··· Exercise materials

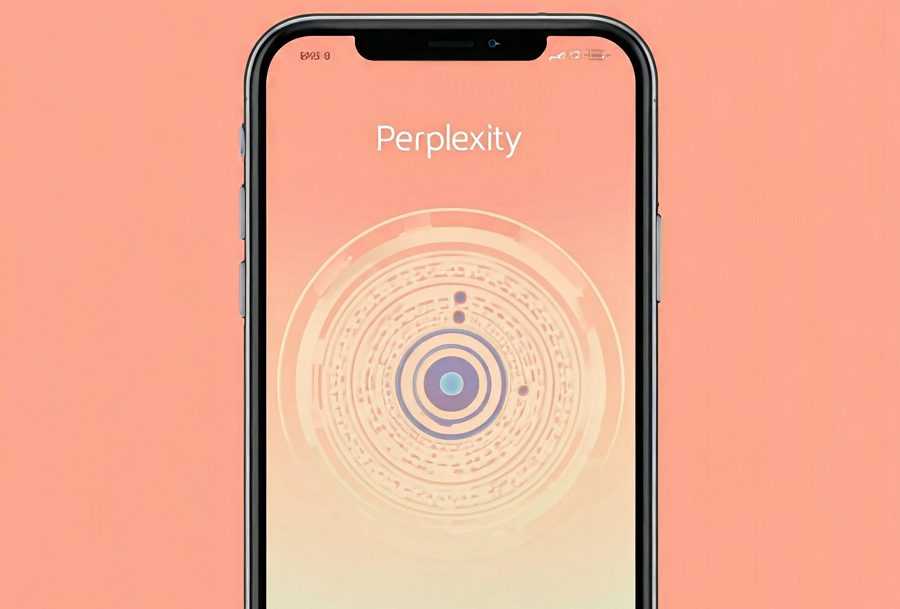 10 Steps to Set Up Your Perplexity Account on Android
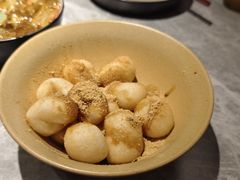 -廖川菜(八佰伴店)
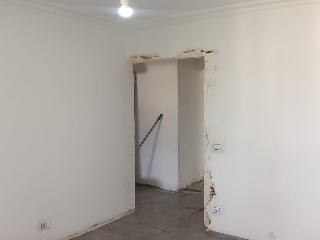 Piso en C/ El Ideal Andaluz - Sevilla - 9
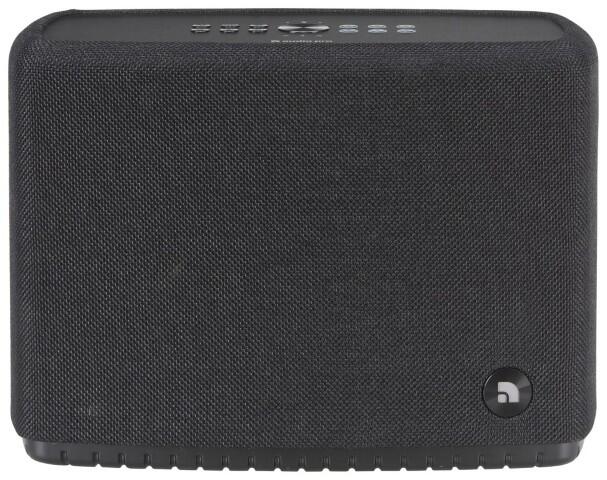 A15 W Audio Pro
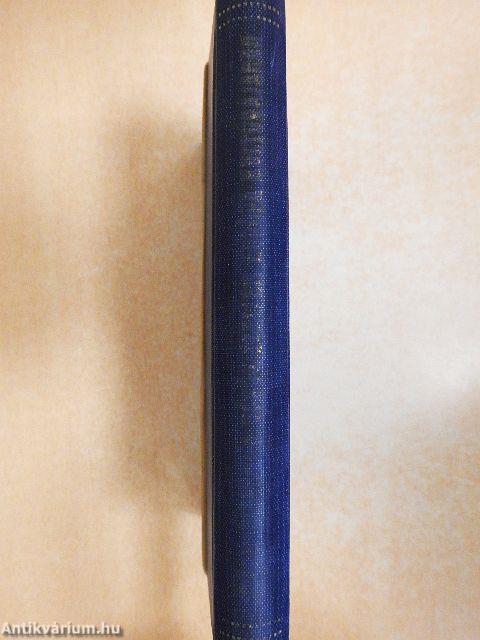 A görög szellem Európa kultúrájában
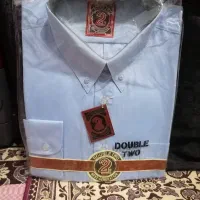 پیراهن مردانه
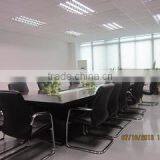 Shenzhen Loevet Electrical Appliances Co., Ltd. company overview - view 2 thumbnail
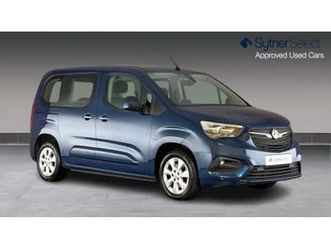 1.2 turbo 130 energy 5dr auto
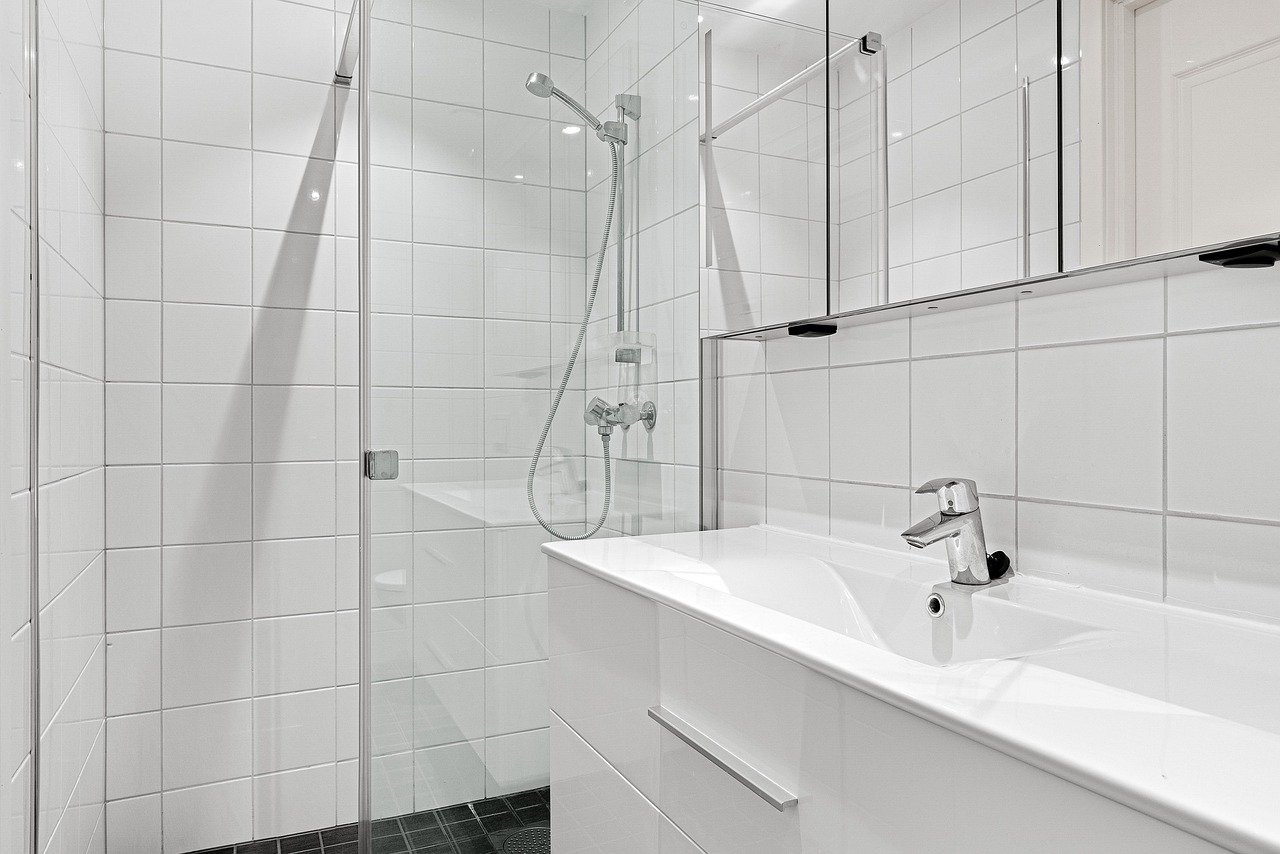 dusakabin-montaji-nasil-yapilir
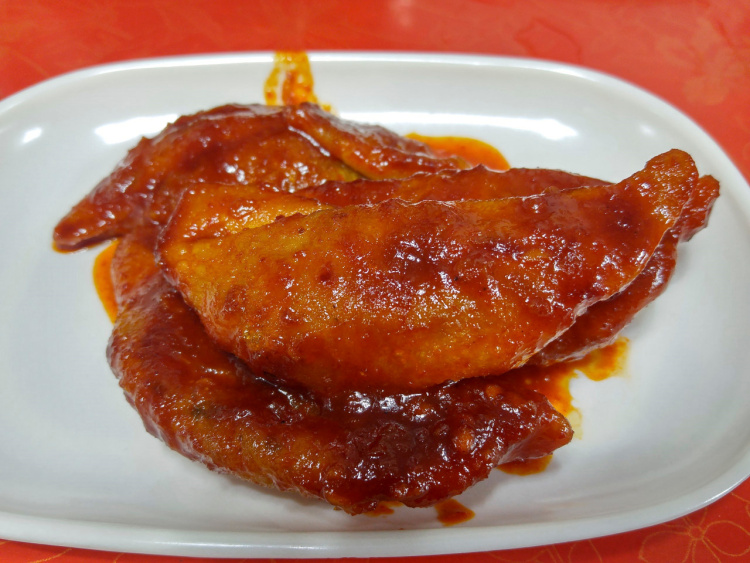 유퀴즈 온더 블럭 유재석 추천 강남 반포 즉석 떡볶이 무침 만두 맛집 분식집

······

◆ Exercise objective:
Could the data above be repeated exactly, with every picture dropped?

◆ Output of the exercise:
 10 Steps to Set Up Your Perplexity Account on Android
 -廖川菜(八佰伴店)
 Piso en C/ El Ideal Andaluz - Sevilla - 9
 A15 W Audio Pro
 A görög szellem Európa kultúrájában
 پیراهن مردانه
 Shenzhen Loevet Electrical Appliances Co., Ltd. company overview - view 2 thumbnail
 1.2 turbo 130 energy 5dr auto
 dusakabin-montaji-nasil-yapilir
 유퀴즈 온더 블럭 유재석 추천 강남 반포 즉석 떡볶이 무침 만두 맛집 분식집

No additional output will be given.